Aku hanya tertawa pahit, malu ketahuan mengantuk oleh dua seniorku. Hari yang agak sial, aku sudah banyak melakukan hal yang memalukan.

"Ah, ya. Jangan berbuat yang aneh-aneh jika sedang membuat kopianku," aku berpesan pada Ivanov.

"Oh, tentu…" Ivanov terdengar membuat-buat jawabannya. Aku mendengus. "Tenanglah, kau bisa percaya padaku." Ia tertawa.

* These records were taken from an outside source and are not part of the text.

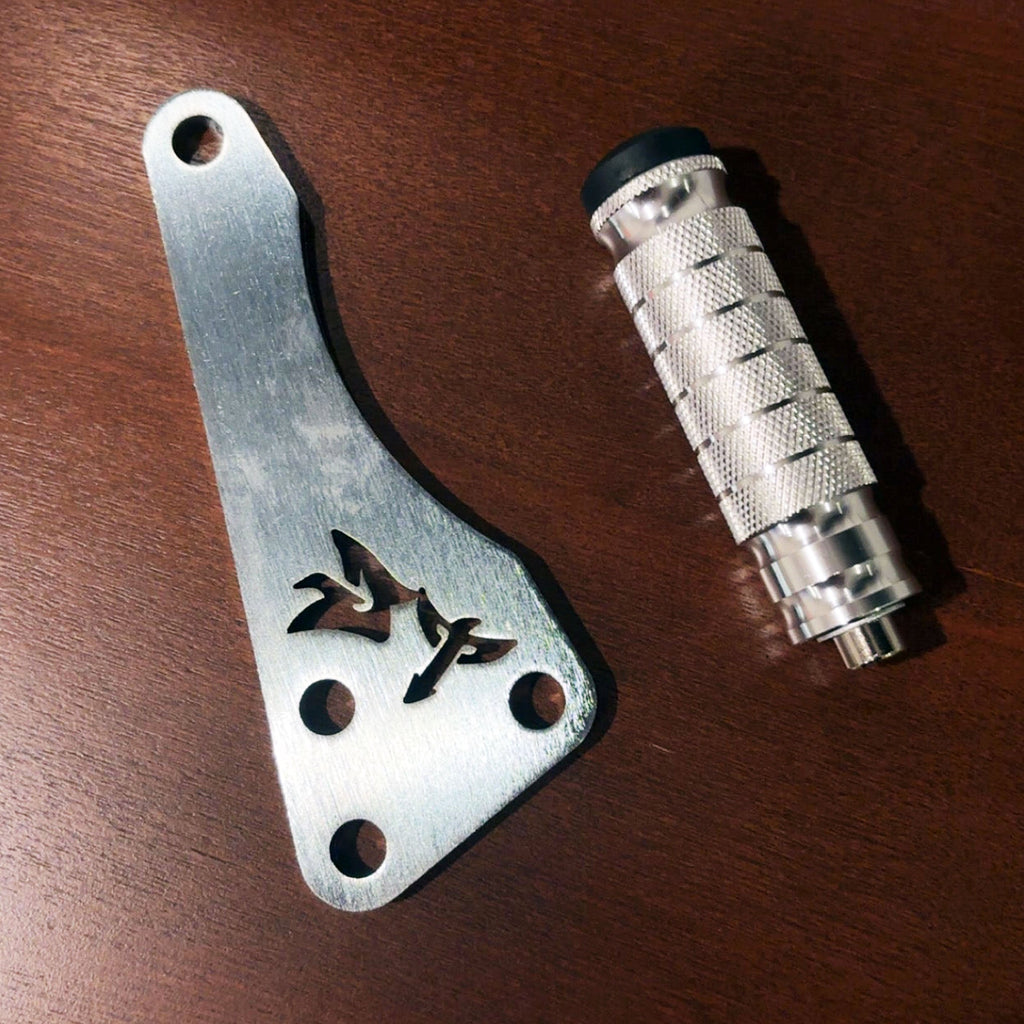 Talaria X3 shift lock and footlock bracket set - different angle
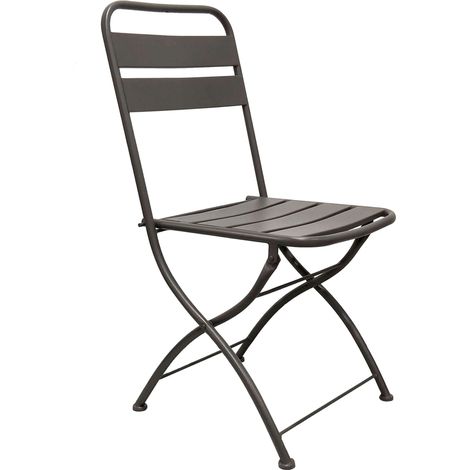 Sedia pieghevole da esterno con doghe in metallo industrial style York -  Tan (1/5)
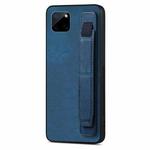 For Realme C21Y Retro Wristband Holder Leather Back Phone Case(Blue)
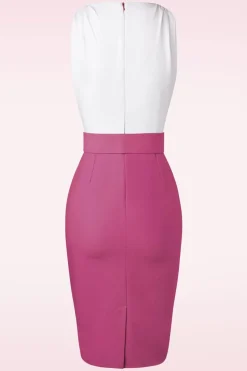 Vintage Diva The Kellie Pencil Jurk In Gebroken Wit En Donker Magentaroze><noscript><img width=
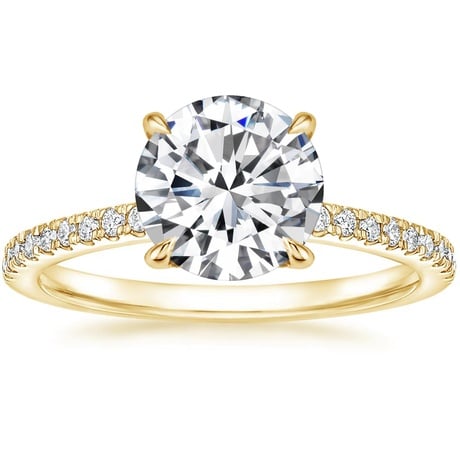 18K Yellow Gold Petite Demi Diamond Ring with Ballad Diamond Ring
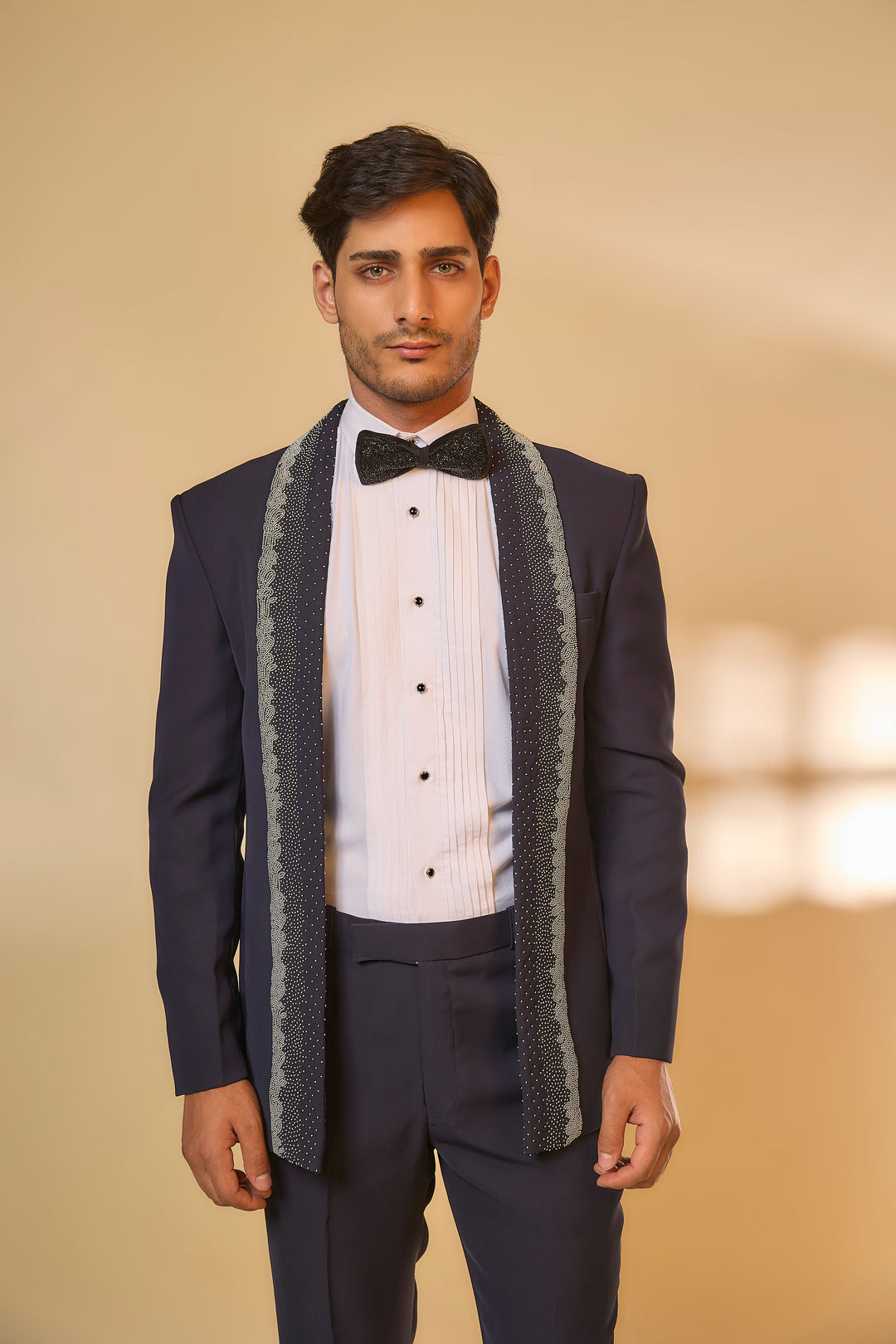 Abees Blue viscose beadwork tuxedo set - back view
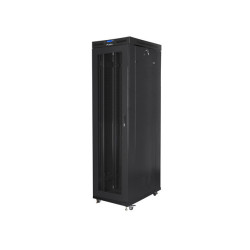 19" VOLNĚ STOJÍCÍ RACKOVÁ SKŘÍŇ 47U/800X1000 (FLAT PACK) SE SÍŤOVÝMI DVEŘMI LCD ČERNÁ  V2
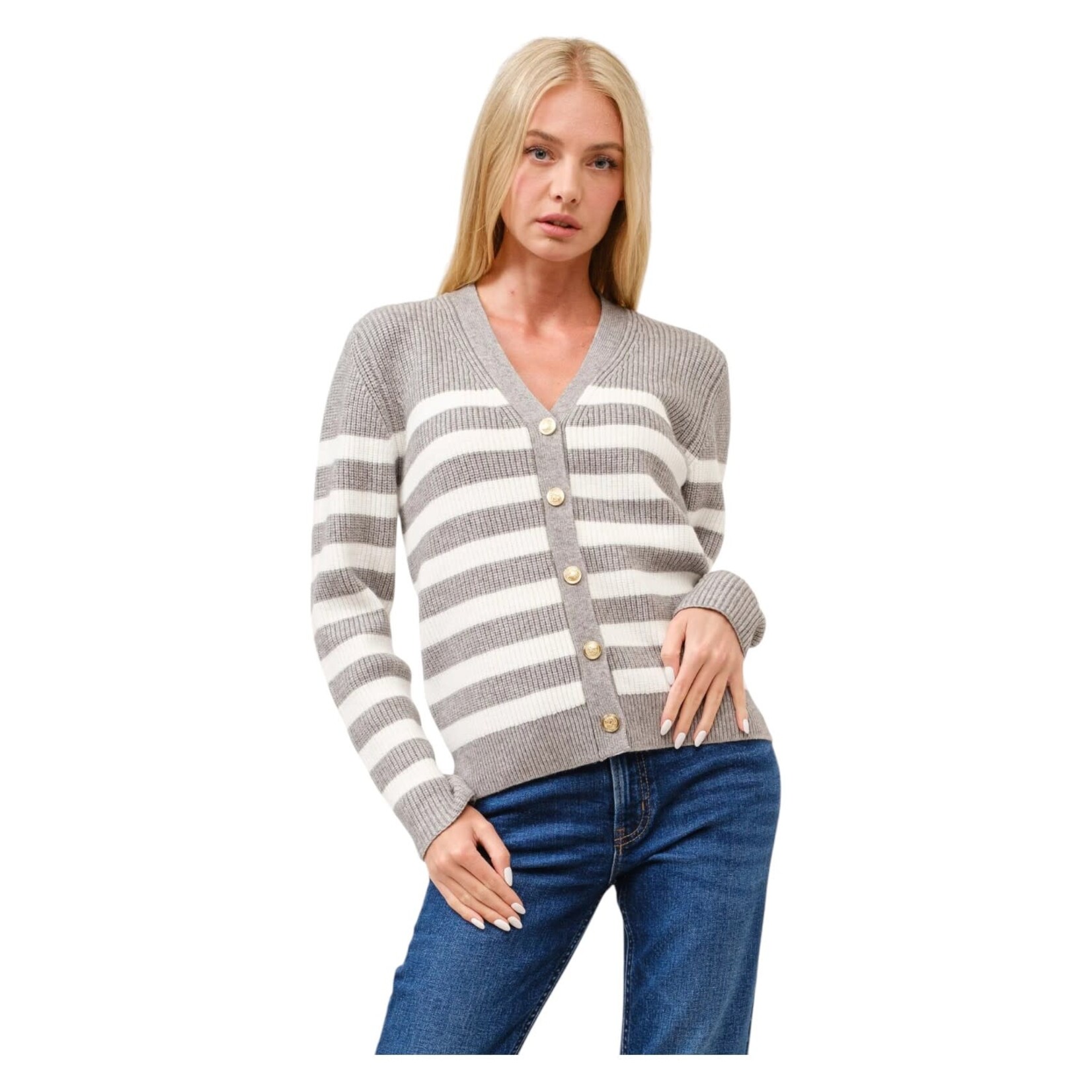 CIELO CIELO STRIPE BUTTON DOWN CARDIGAN SW66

Tepat ketika Ivanov menyelesaikan kalimatnya, Prof. Buenso menutup pidato. Suara tepuk tangan bergemuruh memenuhi auditorium. Prof. Buenso hanya menanggapi dengan satu anggukan kepala, kemudian turun dari podium.

Tak berselang lama, seorang wanita tua yang duduk di kursi sebelah Prof. Buenso di barisan depan berdiri dan berjalan menuju podium. Wanita tua itu mengenakan gaun terusan selutut dengan kerah sabrina berkancing. Kainnya terlihat halus mengilat dan ringan, dengan warna beige yang memberi kesan simpel nan elegan.

Rambutnya yang sudah memutih dipotong pendek di bawah telinga, kelihatannya diroll dengan sangat hati-hati. Topi mungil berenda dengan aksen bunga carnation menghiasi kepalanya. Oh, penampilannya sungguh bergaya bangsawan Inggris. Wanita itu tersenyum tipis setiba di podium.

"Itu Prof. Trassie Muitimk, ratunya Roxalen High," Ivanov menjelaskan.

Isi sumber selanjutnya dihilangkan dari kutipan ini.